* [Source information]
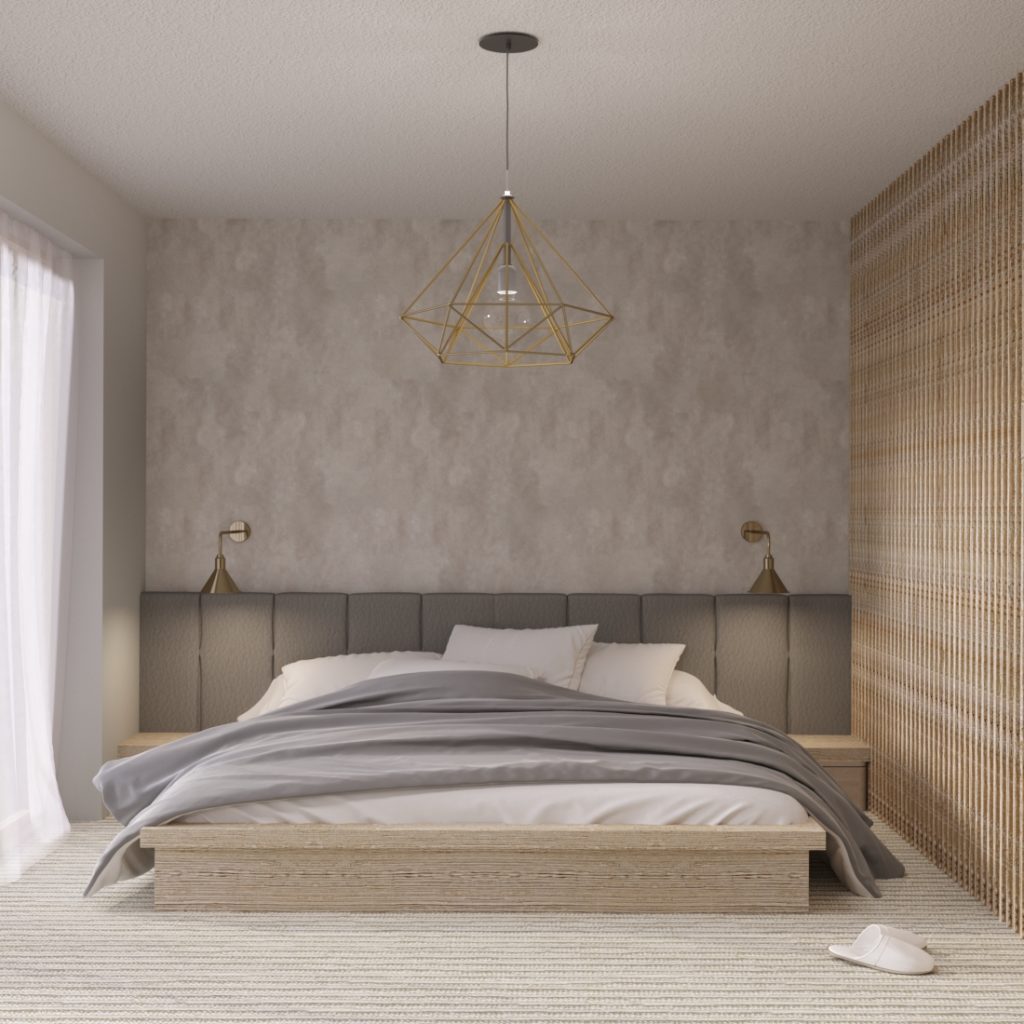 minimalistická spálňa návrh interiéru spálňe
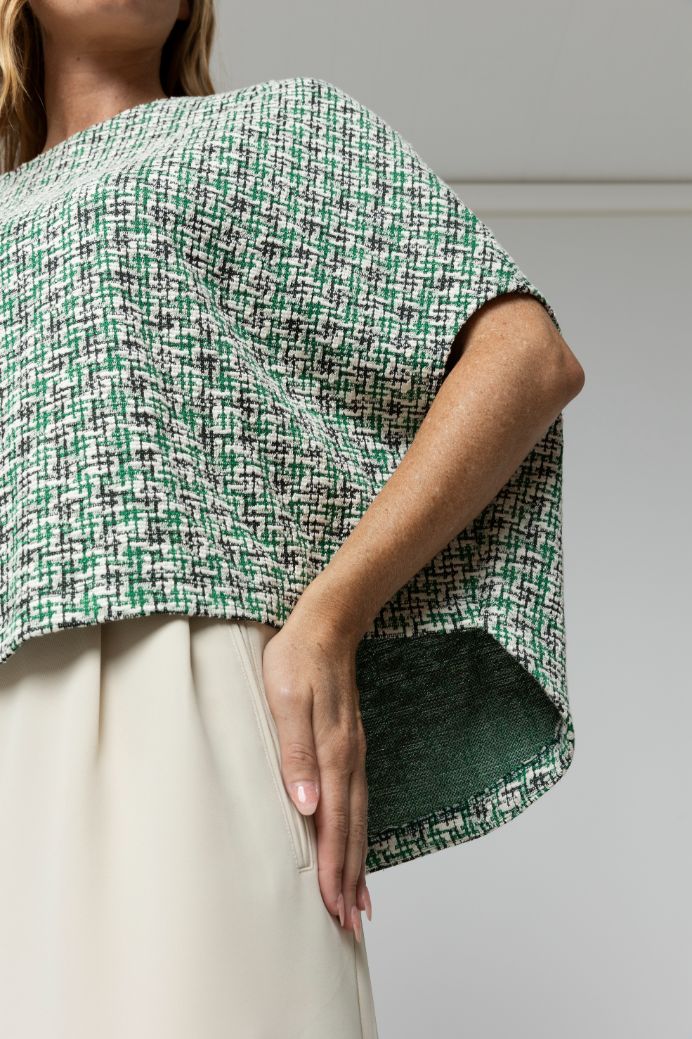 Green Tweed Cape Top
...
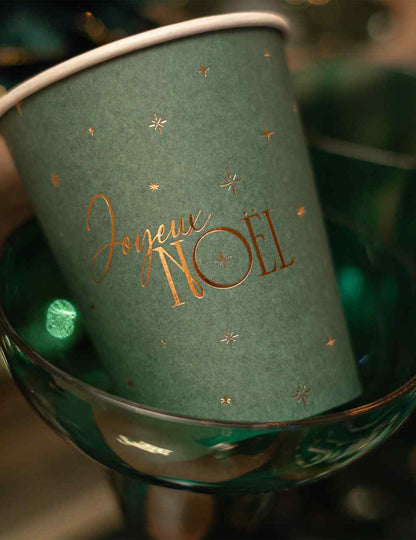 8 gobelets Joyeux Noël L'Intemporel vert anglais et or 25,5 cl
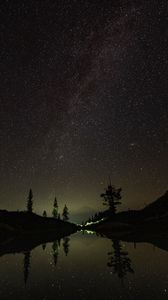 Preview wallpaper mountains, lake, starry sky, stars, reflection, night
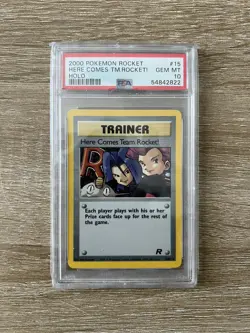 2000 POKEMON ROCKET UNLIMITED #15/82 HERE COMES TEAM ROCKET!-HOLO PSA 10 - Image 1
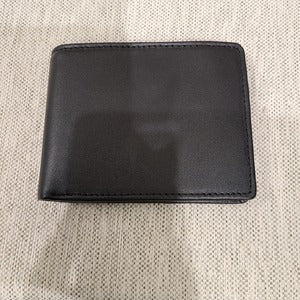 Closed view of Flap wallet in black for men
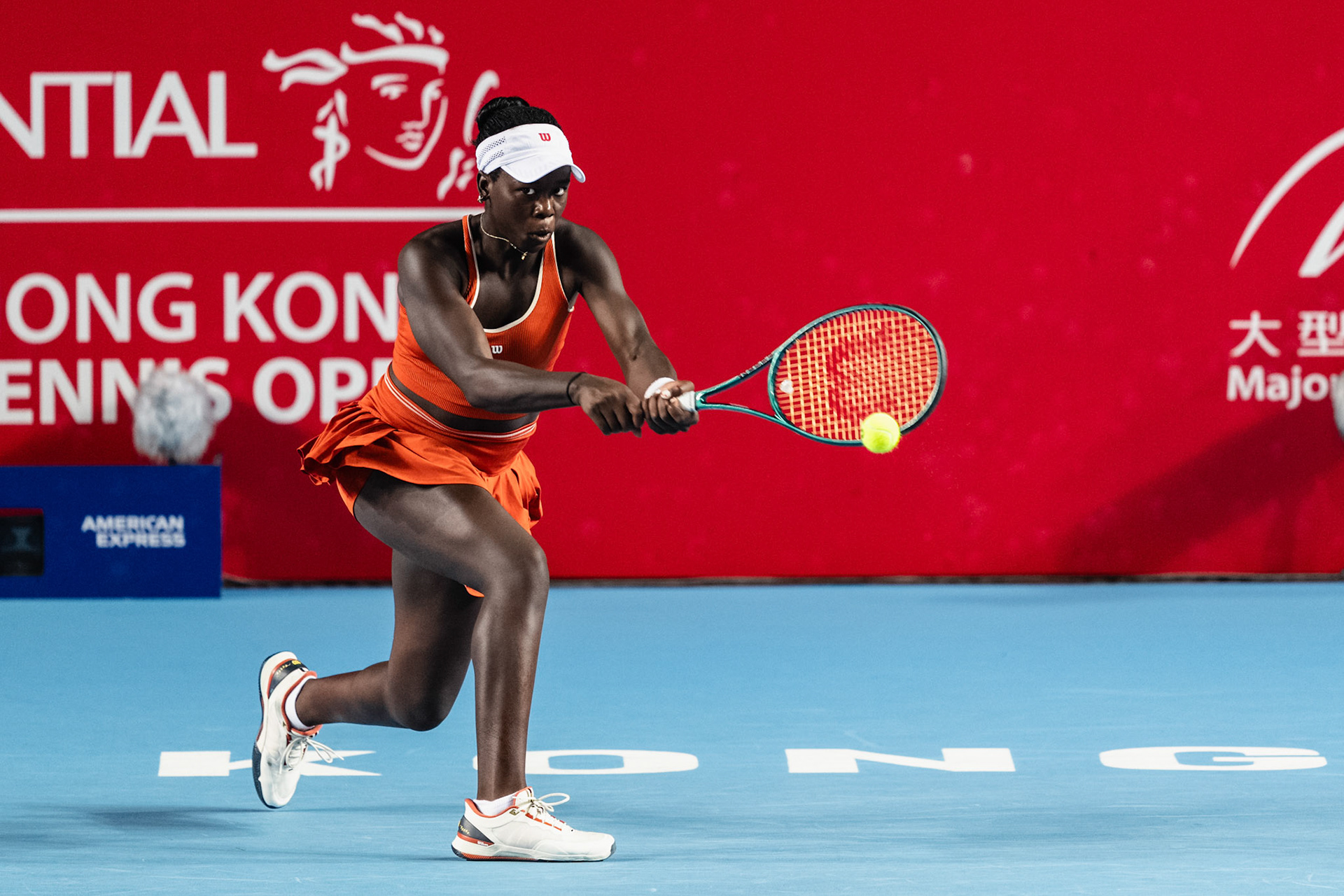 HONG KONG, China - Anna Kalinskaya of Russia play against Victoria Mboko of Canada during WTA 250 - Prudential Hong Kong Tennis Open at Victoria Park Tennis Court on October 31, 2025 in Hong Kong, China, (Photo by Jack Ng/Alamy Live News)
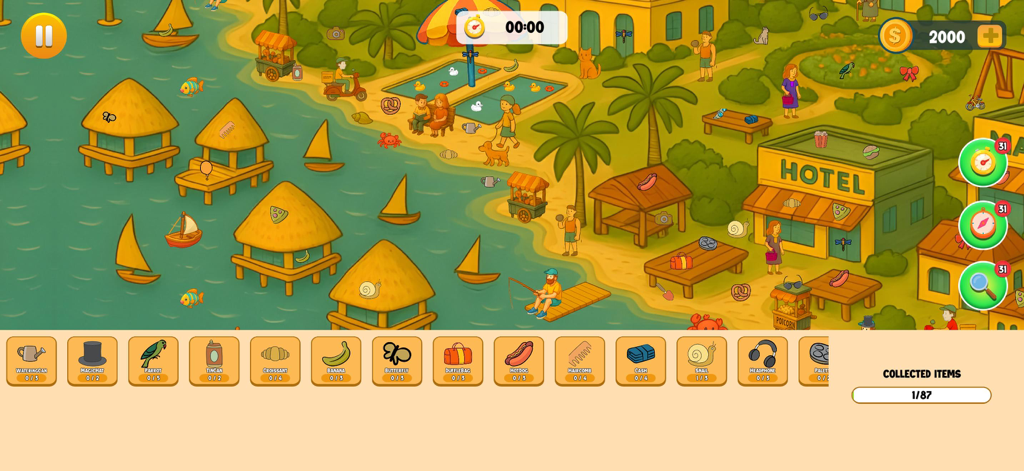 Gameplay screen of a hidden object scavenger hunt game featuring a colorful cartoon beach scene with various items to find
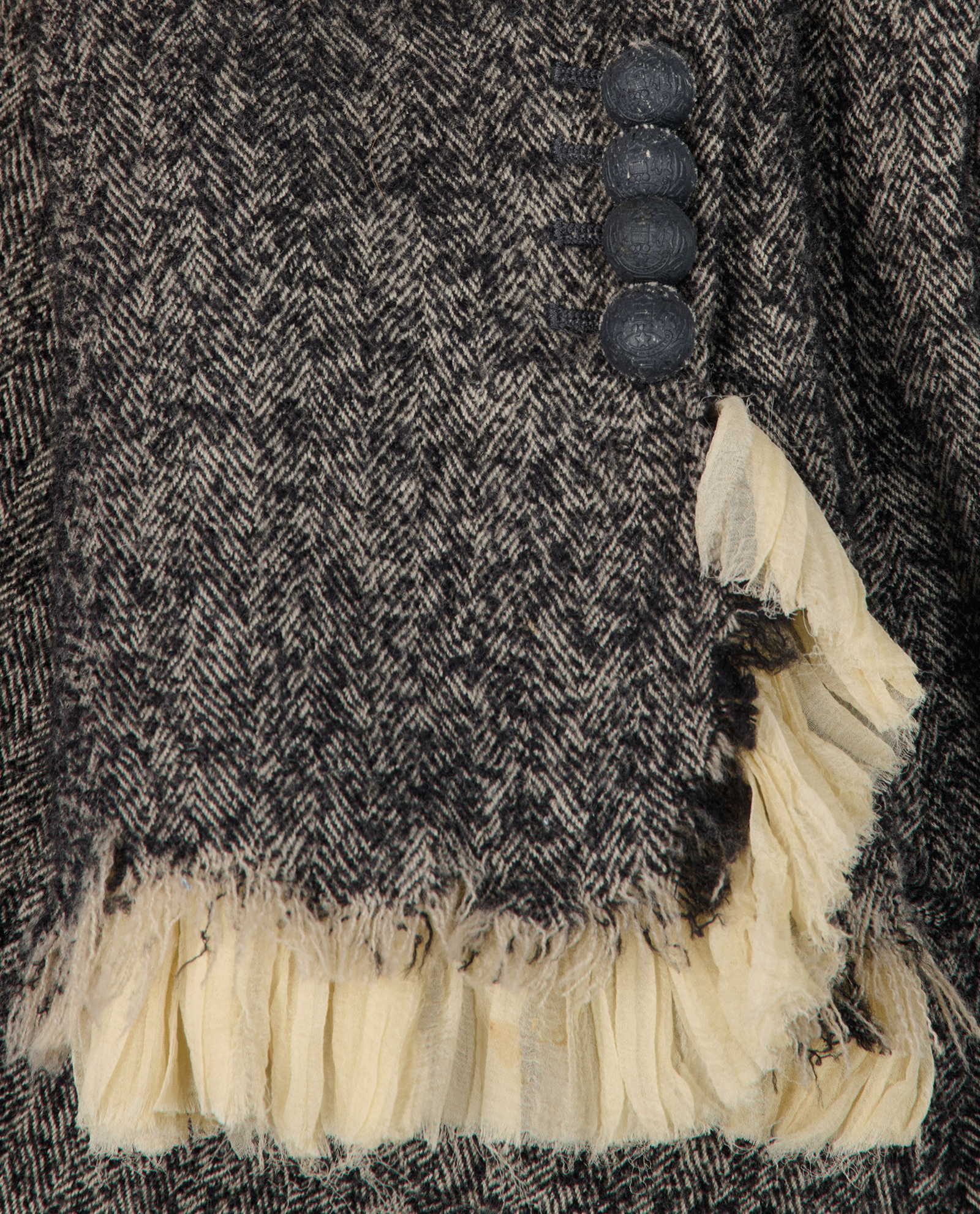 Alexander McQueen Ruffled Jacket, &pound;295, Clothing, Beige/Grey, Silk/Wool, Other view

* [Assigned task] Look above for the line with "minimalistická spálňa návrh interiéru spálňe" and the line with "Green Tweed Cape Top", then restate exactly those two lines and all lines between them, with no pictures.

* [Solution for this exercise]
 minimalistická spálňa návrh interiéru spálňe
 Green Tweed Cape Top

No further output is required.